Nor do we find ample objective evidence causally related to the accident to raise a factual issue regarding the remaining two categories of serious injury.   Reports of plaintiff's X rays from 1997 and a CT scan from 1998, which were conducted after the first accident but before the second accident, did not reveal objective evidence of an injury.   In addition to failing to mention plaintiff's second accident, Johnsen and White also failed to address these earlier tests in their affidavits and this omission is particularly problematic since they did not treat plaintiff until after her second accident.   Johnsen stated that his opinion that plaintiff suffered from “chronic post-traumatic cervical and lumbar myofascial pain syndrome” was based, in part, on the results of an electrodiagnostic test.   The results of that test, however, were normal.   Although White referenced an MRI conducted in 2000, he failed to indicate any knowledge of the prior tests that were negative or the second accident.   His opinion that plaintiff suffered a permanent consequential limitation and a significant limitation was conclusory, merely mimicking the statutory language (see Bennett v. Reed, supra at 801, 693 N.Y.S.2d 738).   We agree with Supreme Court that plaintiff failed to submit sufficient evidence to create a factual issue regarding serious injury.

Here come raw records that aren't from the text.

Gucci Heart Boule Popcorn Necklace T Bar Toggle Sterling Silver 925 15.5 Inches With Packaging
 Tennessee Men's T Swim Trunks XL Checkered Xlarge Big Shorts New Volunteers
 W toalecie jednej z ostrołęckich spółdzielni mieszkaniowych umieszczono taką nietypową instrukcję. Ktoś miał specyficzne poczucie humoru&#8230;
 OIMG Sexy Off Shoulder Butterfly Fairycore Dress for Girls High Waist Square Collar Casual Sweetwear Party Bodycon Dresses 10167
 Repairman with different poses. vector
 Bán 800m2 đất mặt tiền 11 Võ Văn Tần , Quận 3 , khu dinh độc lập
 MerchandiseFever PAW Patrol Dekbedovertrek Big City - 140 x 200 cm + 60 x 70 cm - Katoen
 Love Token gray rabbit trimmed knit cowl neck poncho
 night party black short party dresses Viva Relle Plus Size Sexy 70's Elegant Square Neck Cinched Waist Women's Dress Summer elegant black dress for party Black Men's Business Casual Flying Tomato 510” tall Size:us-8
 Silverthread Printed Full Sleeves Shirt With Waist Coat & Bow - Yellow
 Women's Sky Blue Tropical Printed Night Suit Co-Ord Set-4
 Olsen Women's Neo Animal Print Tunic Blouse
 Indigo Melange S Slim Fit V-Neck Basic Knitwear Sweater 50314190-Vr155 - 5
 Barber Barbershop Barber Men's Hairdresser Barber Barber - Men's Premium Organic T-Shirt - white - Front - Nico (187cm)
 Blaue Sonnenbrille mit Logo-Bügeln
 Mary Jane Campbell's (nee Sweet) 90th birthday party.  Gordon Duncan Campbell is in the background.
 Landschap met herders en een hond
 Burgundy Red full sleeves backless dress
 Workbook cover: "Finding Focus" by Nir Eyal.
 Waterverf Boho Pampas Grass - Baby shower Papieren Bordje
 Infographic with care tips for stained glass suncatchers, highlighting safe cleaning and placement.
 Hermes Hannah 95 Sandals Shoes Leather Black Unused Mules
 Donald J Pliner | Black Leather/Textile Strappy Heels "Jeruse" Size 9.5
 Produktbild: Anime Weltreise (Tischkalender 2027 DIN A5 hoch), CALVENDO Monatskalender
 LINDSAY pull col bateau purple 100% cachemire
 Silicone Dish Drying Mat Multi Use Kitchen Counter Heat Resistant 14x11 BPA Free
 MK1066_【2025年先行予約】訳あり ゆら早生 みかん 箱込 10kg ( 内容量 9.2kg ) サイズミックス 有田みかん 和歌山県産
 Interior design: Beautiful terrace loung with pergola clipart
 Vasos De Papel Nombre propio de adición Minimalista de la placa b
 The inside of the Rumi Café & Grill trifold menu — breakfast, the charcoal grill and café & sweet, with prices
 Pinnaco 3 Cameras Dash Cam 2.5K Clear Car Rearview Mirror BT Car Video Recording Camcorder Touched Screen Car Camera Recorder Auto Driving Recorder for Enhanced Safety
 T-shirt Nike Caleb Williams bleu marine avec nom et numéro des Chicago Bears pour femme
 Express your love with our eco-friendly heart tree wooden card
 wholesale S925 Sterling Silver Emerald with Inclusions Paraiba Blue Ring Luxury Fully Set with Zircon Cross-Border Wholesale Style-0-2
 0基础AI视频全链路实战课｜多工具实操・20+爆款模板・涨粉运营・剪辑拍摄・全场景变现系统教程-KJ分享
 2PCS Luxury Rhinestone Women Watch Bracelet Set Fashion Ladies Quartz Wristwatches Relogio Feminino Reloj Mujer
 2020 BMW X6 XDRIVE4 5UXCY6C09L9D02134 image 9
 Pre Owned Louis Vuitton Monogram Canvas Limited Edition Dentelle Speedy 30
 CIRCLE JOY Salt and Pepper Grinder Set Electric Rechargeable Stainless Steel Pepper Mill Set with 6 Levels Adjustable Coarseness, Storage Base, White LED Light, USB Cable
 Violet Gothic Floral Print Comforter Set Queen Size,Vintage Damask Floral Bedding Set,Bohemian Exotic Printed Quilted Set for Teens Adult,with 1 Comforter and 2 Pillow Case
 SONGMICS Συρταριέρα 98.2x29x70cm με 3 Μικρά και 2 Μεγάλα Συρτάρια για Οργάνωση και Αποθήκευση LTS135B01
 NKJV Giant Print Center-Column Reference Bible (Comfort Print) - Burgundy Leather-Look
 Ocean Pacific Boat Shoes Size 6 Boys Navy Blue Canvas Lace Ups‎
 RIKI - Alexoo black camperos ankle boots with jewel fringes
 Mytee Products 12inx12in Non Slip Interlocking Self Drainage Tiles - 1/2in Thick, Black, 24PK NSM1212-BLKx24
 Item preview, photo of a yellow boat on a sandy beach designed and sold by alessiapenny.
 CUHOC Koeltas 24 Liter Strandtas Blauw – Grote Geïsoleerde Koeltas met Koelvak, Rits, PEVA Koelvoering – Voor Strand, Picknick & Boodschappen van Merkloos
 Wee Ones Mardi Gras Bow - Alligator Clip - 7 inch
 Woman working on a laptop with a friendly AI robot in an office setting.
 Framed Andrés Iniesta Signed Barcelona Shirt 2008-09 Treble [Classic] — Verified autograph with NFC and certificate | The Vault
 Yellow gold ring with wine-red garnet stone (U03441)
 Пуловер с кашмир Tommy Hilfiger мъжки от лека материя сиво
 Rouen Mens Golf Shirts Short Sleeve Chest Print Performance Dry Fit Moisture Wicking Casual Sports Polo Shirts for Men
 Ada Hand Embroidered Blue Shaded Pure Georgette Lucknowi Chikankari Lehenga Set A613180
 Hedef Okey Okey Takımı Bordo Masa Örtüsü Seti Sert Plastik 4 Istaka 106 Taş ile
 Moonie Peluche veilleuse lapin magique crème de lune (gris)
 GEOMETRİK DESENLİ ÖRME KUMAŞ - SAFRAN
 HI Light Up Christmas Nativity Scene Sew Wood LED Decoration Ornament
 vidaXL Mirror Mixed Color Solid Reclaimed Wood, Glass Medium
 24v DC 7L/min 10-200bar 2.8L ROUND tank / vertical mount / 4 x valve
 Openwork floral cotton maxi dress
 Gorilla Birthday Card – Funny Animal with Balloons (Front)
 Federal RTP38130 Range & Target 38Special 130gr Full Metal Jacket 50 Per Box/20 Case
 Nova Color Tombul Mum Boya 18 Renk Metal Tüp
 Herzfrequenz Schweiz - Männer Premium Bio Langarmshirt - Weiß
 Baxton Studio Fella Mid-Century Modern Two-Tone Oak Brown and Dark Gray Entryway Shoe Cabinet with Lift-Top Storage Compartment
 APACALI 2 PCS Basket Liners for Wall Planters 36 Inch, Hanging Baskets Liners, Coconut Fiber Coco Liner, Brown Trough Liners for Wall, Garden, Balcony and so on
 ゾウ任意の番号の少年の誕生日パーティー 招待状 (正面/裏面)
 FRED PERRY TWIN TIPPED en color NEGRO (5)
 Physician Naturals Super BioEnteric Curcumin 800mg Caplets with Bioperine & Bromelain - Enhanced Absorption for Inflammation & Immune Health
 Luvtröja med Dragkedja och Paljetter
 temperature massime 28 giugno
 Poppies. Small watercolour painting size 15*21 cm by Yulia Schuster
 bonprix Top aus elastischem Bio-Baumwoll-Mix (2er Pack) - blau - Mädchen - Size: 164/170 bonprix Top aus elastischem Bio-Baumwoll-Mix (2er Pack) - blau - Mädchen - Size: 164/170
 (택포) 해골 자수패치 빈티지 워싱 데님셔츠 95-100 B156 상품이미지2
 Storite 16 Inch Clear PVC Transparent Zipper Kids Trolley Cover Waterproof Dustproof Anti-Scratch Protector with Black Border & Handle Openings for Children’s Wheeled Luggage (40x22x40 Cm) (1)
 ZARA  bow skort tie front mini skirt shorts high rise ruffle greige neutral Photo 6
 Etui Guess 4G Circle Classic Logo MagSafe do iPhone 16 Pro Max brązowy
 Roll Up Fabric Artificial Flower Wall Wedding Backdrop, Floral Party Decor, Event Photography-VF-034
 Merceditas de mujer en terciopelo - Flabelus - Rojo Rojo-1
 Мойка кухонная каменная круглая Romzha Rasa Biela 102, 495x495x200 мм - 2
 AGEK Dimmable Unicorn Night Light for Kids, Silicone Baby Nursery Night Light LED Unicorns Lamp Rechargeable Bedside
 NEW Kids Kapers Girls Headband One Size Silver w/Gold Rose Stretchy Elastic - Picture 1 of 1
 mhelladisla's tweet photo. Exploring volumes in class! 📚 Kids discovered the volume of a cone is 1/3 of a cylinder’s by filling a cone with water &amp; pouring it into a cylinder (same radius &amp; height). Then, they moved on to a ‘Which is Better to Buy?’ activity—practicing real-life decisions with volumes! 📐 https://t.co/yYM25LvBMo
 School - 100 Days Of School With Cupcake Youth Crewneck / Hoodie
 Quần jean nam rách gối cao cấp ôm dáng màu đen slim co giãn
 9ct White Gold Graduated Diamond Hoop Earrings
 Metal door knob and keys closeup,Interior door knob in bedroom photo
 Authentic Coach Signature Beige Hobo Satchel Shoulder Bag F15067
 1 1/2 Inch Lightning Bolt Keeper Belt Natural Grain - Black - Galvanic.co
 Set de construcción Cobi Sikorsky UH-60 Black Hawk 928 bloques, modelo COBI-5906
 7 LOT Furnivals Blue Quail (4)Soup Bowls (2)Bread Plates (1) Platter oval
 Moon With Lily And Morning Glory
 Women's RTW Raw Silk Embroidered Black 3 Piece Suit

Plaintiff further argues that Supreme Court erred in denying her motion to renew, which was premised upon an alleged change in the law and the availability of new medical proof.   Initially, we find unpersuasive plaintiff's contention that the Court of Appeals' decision in Toure v. Avis Rent A Car Sys., 98 N.Y.2d 345, 746 N.Y.S.2d 865, 774 N.E.2d 1197, supra, resulted in “a change in the law that would change [Supreme Court's] prior determination” (CPLR 2221[e][2] ).   Supreme Court's holding that plaintiff's original motion papers lacked adequate proof to defeat summary judgment rested upon a well-settled body of law that was not changed to plaintiff's benefit in Toure.   Nor do we find that Supreme Court erred in determining not to grant renewal since the purportedly “new” medical evidence-appearing five years after the accident-failed to adequately address the deficiencies in proof that fatally infected plaintiff's original motion papers.

ORDERED that the orders and judgment are affirmed, with costs.

LAHTINEN, J.

CREW III, J.P., PETERS, SPAIN and CARPINELLO, JJ., concur.